When my wife sneezes once, we say she's had a cold and understand that very soon I will be off on a four-day TheraFlu/NyQuil Magic Carpet Ride, in the middle of which will be the suddenly remembered Provincetown application deadline, precipitating hilarity. It's a good idea to proofread such materials before cheerfully dropping them in a mailbox, and not after you come home and collapse on the bed. When you turn a built-on afterthought of a kitchen pantry into a new bathroom, make sure the workers remember to create a barrier between its floor and the -1 degree outside air, or your feet and the waterlines are likely to freeze. Snow on the deck makes that deck part of the yard/toilet system, according to dogs, and a Robomaid skittering about the floors is just as fiendishly interesting and objectionable as a squirrel.
It's pretty bad, I guess, when the mailman leaves a note asking you to shovel the path to your mailbox. Also it seems that furnace filters need to be changed more than once every six months. It would have been a good idea for the previous owners of a house to have placed the thermostat in a different room from the fireplace -- that way the fireplace would be a useful appliance, rather than a method of freezing every other room. There are better ways to wake up at 5:52 than to the sound of a dog vomiting, and better things, surely, for dogs to have in their stomachs than sketchy green foam.
Don't laugh "that" hard when your Methodist grandmother tells you she just bought a new car, a bright red Catholic. When painting a wall, try to remember to keep the freshly filled roller tray, which you have for some reason decided to hold in your other hand, level while you're bitching to your wife about something, especially if you don't bother to cover the new tile floor with a tarp first. And don't place a Styrofoam take-out box, heavy with Hamburg Inn #2 mashed potatoes and gravy, on the passenger-side dashboard right before your wife takes off down a pothole-strewn alley, unless you need a way to get dogs to lick your pants, and try to remember to wear different pants the next day, or your dog's resumed licking will make it your turn to wear the humiliated, impatient expression. Finally, check the labels before putting your wife's sweaters in the dryer, except when you are trying to make doll clothes.
Update: Before blogging on Trash Day morning, remember to take out the trash.
7 comments:
I feel your pain, as they say. I've become convinced of a malicious ghost in most of the machines in my life.
Though if these are all relatively recent occurrences, you've got me beat. And then some. Man, mashed potatoes WITH gravy? Tragic.
The past week for most of it, Mr. Jackson. Two weeks for all.
Oh, dear. Hope things are going better for you today, Grendel.
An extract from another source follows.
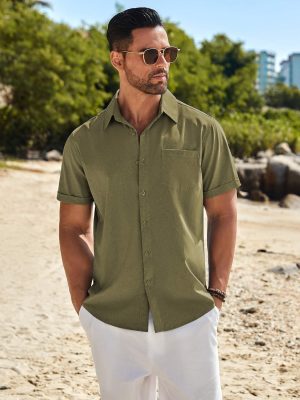 Men's Casual Button Down Shirts Short Sleeve Beach Summer Shirt Vacation Wedding Shirts with Pocket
(I have forgotten the trash more times than I can count.)
Grendel, old chap, you really need to stop toweling yourself off with black cats.
Grendel, I hope you're feeling better because your presence is decreed at our party this weekend. Take note! Take drugs!
Barring unforeseen circumstances -- and really, what could happen? -- we'll be there.
Ah, I do so enjoy reading Famous Last Words like that. I eagerly await Monday's report on what unforeseen obstacles arose.